Despite the tense diplomatic relations between India and Canada, the Indian diaspora celebrated Himachal Pradesh’s famed Kullu Dussehra for the first time in Canada’s Parliament Hill, organizers said on Monday.
The festival to mark good over evil was hosted by Canadian Member of Parliament Chandra Arya and supported by the Himachali Pravasi Global Association (HPGA), a diaspora from Himachal Pradesh that continues to strengthen Canada into the vibrant and diverse country it is.
Himachal Chief Minister Sukhvinder Sukhu addressed the Indian diaspora on Sunday along with other attendees in Canada through a video message that was played at Parliament Hill, Bhagya Chander, HPGA’s one of the board of directors, told IANS over the phone from Ottawa.
During his address, the Chief Minister invited investors and individuals to visit Himachal Pradesh for business and tourism.
The event was attended by the High Commissioner of India to Canada, Sanjay Verma, among other dignitaries, besides 25 Indo-Canadian diaspora organizations and international diaspora.

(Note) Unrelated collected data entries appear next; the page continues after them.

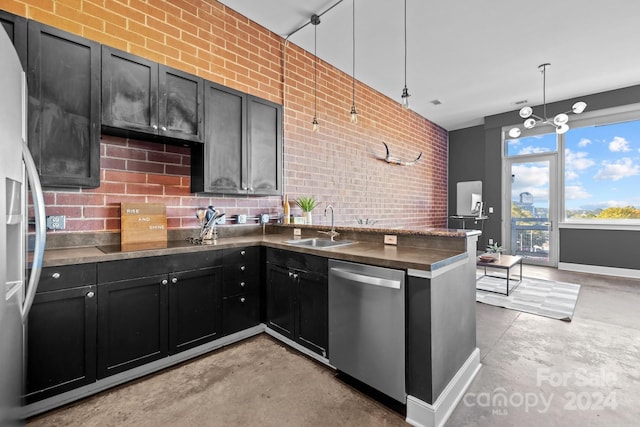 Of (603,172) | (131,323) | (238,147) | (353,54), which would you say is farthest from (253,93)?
(603,172)

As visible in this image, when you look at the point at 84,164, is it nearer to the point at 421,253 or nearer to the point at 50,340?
the point at 50,340

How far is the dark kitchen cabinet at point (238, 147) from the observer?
250cm

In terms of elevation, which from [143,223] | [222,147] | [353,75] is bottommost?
[143,223]

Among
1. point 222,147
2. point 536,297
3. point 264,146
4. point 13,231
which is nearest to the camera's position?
point 13,231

A cultural program was performed by HPGA members that comprised Himachali Naati.
Ramlila, the traditional performance of the Ramayana, was staged. A colorful decorated palanquin carrying the idols of deities to pay their obeisance to Lord Raghunath, the presiding deity of the festival, was performed.
During lunch, ‘dham’ was served to the audience. The ‘dham’ is a mid-day meal served in Himachali culture on marriage or religious days. In the ‘dham’, cooked rice and moong dal are served.
Himachal-origin Bhagya Chander, Arun Chauhan, Ashutosh Kalia, and Vivek Nazzar thanked Member of Parliament Arya for organizing the event.
Back to Himachal, the world-famous Kullu Dussehra celebrations are believed to have started in the 17th century when the ruler, Raja Jagat Singh, installed an idol of Lord Raghunath in a Kullu temple to remove a curse and seek his blessings on Vijaya Dashami, the day Dussehra ends in the rest of the country.
The celebrations last for a week. This time the festivities, an amalgamation of Hindu and local ‘Pahari’ traditions, are being held from October 24 to 30.
The HPGA is a non-profit organisation with an aim to promote, inculcate Himachali and Indian culture and contribute to the development and growth of all socio-economic domains in the diaspora.